2. The appellant also enumerates as error the trial court's instruction to the jury that a defense of insanity had not been raised and so could not be considered. Nevertheless, the evidence did not warrant, as a matter of law, a charge on insanity. The defendant was shown neither to have lacked the mental capacity to distinguish between right and wrong nor to have been suffering under a delusional compulsion. Moore v. State, 142 Ga. App. 145 (1) ( 235 S.E.2d 577) (1977). Furthermore, it has been held that a charge on insanity is not mandated: by evidence of mental abnormality or of mere weakness of mind unless it constitutes imbecility or idiocy depriving the offender of the ability to distinguish right from wrong, Nelson v. State, 254 Ga. 611 (3) ( 331 S.E.2d 554) (1985); or by evidence of "acting improperly," such as having a "mad, wild, unnormal [sic]" look, Phillips v.
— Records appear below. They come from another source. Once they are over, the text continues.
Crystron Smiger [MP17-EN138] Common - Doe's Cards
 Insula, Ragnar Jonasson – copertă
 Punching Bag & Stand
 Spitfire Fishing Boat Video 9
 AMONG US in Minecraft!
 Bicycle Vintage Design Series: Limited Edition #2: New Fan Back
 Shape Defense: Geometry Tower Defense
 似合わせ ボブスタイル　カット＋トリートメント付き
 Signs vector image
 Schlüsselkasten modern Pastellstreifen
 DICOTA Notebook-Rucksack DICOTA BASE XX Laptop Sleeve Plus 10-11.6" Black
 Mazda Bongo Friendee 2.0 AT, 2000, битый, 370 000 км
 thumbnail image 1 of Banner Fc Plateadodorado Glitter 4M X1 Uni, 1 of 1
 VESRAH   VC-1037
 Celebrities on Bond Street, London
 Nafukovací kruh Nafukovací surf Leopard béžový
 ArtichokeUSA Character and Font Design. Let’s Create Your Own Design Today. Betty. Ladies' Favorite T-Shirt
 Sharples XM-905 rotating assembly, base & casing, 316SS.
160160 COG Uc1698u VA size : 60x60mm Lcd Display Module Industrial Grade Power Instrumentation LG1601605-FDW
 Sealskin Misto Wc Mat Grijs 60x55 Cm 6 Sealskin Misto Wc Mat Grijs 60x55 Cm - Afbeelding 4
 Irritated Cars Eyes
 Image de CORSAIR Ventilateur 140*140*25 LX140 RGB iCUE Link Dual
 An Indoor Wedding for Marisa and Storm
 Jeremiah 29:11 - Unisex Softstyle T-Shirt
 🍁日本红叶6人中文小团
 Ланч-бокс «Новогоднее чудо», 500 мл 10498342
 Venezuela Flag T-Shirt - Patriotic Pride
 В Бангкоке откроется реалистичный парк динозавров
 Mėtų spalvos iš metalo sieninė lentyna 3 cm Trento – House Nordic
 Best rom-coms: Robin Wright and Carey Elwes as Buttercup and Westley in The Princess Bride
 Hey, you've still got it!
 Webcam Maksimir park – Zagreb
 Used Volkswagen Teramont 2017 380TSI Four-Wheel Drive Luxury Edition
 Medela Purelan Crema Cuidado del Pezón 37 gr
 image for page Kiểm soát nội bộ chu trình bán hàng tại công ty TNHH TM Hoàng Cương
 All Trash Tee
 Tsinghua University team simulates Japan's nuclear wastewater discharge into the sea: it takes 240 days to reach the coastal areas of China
State, 255 Ga. 539 (4) ( 340 S.E.2d 919) (1986); or by evidence of a "semi-conscious" or "blacked out" state of mind, Adams v. State, 236 Ga. 468 ( 224 S.E.2d 32) (1976); or by the opinion given in testimony by a lay witness that the accused was "crazy," McClendon v. State, 157 Ga. App. 435 ( 278 S.E.2d 96) (1981). Responding to the appellant's contention that his previous commitment gave him a counter presumption of insanity, we reiterate our prior holding: "Assuming that . . . previous commitment as `a mentally ill person and in need of hospitalization in a psychiatric hospital' raised a counter presumption to the rebuttable presumption of `sound mind and discretion,' Butler v. State, 252 Ga. 135 [supra, 137] and cit., his administrative release from hospitalization under OCGA § 37-3-85 cancelled any previously existing presumption of insanity, leaving a presumption of sanity, which, of course, was rebuttable. Butler [supra, and cits.]." Salter v. State, 257 Ga. 88, 89 (1) ( 356 S.E.2d 196) (1987).
3. Applying the standard of Jackson v. Virginia, 443 U.S. 307 ( 99 S.C. 2781, 61 L.Ed.2d 560) (1979), we conclude that the jury's verdict of guilty of murder and of possession of a firearm during the commission of a crime was supported by the evidence.
Judgment affirmed. All the Justices concur.